_Problem requirements_.
If a line in the records below contains the word "Coffee", copy it.

_Source material_.

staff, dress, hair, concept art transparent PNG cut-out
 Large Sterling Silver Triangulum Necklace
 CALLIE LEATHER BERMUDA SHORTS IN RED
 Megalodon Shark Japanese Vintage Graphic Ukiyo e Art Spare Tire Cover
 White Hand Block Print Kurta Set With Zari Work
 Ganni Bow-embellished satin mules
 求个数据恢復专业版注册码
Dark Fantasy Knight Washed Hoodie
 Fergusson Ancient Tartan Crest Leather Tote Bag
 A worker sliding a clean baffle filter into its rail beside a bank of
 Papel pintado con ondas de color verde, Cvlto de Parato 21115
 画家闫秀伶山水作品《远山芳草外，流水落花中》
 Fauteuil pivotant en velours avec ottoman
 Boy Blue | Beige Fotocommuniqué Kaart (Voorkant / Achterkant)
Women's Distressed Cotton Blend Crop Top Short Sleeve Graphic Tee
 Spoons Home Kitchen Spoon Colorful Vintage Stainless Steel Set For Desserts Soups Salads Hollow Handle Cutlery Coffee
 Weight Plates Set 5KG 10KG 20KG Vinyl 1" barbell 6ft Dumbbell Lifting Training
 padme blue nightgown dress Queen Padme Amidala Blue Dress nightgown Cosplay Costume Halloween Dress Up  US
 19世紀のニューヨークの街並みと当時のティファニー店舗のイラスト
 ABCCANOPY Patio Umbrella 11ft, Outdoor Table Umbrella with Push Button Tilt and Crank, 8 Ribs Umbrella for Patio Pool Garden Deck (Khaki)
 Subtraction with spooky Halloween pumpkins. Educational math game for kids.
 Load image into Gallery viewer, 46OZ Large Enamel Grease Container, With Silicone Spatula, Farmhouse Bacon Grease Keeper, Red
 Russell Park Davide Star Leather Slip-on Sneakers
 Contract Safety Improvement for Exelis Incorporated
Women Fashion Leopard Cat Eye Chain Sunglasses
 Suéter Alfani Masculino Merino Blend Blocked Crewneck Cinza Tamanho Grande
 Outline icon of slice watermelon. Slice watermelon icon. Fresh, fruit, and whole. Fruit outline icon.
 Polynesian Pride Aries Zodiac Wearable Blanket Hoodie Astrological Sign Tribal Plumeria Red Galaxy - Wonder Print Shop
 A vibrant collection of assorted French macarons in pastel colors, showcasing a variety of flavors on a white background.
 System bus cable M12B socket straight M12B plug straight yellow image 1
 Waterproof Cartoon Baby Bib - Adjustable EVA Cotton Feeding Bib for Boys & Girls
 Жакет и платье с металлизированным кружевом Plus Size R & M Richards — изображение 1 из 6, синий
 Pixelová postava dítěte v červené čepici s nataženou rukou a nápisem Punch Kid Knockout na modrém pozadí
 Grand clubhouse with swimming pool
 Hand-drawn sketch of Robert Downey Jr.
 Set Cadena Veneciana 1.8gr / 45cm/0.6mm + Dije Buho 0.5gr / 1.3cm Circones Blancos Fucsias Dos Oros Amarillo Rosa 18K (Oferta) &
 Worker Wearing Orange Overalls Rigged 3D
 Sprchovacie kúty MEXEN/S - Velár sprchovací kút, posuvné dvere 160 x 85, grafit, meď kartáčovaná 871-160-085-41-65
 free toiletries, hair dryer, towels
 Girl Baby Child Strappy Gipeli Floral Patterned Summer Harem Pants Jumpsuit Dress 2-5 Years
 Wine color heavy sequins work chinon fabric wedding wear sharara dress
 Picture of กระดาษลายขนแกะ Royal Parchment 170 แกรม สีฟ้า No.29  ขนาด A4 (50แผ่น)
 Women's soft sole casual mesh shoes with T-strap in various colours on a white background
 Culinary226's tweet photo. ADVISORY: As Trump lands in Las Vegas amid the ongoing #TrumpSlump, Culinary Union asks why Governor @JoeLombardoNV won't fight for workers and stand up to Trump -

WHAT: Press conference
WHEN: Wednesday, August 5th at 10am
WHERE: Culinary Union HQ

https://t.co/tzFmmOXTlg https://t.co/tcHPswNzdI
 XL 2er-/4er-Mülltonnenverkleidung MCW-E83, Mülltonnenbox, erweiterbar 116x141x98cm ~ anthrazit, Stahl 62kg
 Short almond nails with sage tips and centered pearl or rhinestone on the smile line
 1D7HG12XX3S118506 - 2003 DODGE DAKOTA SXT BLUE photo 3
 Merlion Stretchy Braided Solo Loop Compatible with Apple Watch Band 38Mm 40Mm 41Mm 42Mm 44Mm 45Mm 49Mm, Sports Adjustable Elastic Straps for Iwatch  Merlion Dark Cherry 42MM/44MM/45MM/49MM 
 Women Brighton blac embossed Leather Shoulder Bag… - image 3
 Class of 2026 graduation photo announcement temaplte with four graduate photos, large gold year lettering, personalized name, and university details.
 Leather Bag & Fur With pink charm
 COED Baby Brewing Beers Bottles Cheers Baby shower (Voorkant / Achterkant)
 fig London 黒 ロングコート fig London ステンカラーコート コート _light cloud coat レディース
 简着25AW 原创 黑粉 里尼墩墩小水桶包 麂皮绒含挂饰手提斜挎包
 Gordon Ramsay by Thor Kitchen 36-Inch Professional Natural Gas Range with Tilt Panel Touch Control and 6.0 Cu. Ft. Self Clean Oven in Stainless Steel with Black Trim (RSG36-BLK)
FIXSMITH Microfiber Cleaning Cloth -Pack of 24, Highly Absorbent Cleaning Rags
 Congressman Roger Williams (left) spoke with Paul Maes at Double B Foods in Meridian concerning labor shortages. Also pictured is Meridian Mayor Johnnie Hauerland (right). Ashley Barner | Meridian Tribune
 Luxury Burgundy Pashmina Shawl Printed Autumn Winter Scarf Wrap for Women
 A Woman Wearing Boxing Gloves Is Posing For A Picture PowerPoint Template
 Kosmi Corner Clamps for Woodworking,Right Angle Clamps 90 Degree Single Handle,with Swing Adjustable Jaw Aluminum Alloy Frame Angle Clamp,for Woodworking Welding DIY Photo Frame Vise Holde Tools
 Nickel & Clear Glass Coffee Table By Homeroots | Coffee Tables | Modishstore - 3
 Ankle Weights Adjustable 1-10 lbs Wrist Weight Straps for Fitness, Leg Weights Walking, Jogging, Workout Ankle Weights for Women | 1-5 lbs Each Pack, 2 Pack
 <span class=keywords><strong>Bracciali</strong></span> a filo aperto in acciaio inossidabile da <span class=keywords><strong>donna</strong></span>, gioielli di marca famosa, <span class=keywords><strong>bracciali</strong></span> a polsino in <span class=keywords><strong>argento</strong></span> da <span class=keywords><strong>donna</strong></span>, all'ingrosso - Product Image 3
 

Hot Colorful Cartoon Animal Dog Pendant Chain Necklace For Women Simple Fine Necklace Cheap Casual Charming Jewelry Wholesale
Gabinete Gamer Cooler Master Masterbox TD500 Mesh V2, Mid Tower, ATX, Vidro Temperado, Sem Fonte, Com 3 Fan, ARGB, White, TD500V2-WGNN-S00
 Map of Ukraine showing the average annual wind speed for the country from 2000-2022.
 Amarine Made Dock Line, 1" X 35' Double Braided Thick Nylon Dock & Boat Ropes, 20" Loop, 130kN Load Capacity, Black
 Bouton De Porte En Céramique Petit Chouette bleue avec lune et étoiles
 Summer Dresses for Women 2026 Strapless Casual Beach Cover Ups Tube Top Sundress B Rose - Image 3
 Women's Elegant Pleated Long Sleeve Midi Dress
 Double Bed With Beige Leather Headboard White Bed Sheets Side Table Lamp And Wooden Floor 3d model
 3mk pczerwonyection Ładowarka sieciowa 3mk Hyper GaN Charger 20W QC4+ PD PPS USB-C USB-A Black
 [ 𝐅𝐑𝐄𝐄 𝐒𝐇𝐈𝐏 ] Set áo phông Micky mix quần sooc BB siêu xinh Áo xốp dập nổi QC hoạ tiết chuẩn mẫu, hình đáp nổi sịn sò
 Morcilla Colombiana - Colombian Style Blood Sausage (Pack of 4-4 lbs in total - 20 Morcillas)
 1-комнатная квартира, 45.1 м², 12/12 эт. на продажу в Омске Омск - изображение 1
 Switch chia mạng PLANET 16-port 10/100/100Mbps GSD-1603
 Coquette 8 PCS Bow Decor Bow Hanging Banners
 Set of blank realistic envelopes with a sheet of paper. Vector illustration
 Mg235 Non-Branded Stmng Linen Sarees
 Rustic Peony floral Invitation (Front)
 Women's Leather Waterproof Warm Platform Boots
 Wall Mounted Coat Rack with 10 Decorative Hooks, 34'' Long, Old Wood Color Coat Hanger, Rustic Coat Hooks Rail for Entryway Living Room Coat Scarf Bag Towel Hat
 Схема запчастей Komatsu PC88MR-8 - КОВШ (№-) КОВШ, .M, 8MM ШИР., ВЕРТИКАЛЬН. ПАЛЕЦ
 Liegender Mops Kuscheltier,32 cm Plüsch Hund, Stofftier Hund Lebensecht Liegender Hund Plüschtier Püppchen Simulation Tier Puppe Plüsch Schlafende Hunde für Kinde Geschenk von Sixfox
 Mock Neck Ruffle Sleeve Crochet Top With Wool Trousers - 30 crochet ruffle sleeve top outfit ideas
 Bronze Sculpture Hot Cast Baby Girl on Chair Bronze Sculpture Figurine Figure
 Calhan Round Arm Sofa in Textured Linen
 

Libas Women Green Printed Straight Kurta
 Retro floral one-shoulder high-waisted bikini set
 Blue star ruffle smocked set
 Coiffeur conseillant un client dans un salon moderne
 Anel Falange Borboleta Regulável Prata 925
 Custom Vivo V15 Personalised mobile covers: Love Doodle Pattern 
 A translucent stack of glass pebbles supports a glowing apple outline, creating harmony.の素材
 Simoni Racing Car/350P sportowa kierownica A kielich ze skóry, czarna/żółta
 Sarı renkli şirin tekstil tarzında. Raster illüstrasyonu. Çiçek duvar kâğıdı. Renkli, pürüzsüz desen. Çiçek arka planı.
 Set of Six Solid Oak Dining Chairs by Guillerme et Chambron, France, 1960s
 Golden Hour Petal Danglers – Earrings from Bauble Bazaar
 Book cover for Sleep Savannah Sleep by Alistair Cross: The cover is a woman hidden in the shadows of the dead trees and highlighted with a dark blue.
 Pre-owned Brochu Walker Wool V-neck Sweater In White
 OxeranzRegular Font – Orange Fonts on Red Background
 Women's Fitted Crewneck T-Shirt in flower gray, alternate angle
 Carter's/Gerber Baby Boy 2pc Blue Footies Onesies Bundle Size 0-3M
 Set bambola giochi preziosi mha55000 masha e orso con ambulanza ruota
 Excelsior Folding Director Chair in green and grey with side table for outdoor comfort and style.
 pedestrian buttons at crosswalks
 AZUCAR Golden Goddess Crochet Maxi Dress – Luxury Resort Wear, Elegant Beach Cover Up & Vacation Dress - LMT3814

_Answer_.
 Spoons Home Kitchen Spoon Colorful Vintage Stainless Steel Set For Desserts Soups Salads Hollow Handle Cutlery Coffee
 Nickel & Clear Glass Coffee Table By Homeroots | Coffee Tables | Modishstore - 3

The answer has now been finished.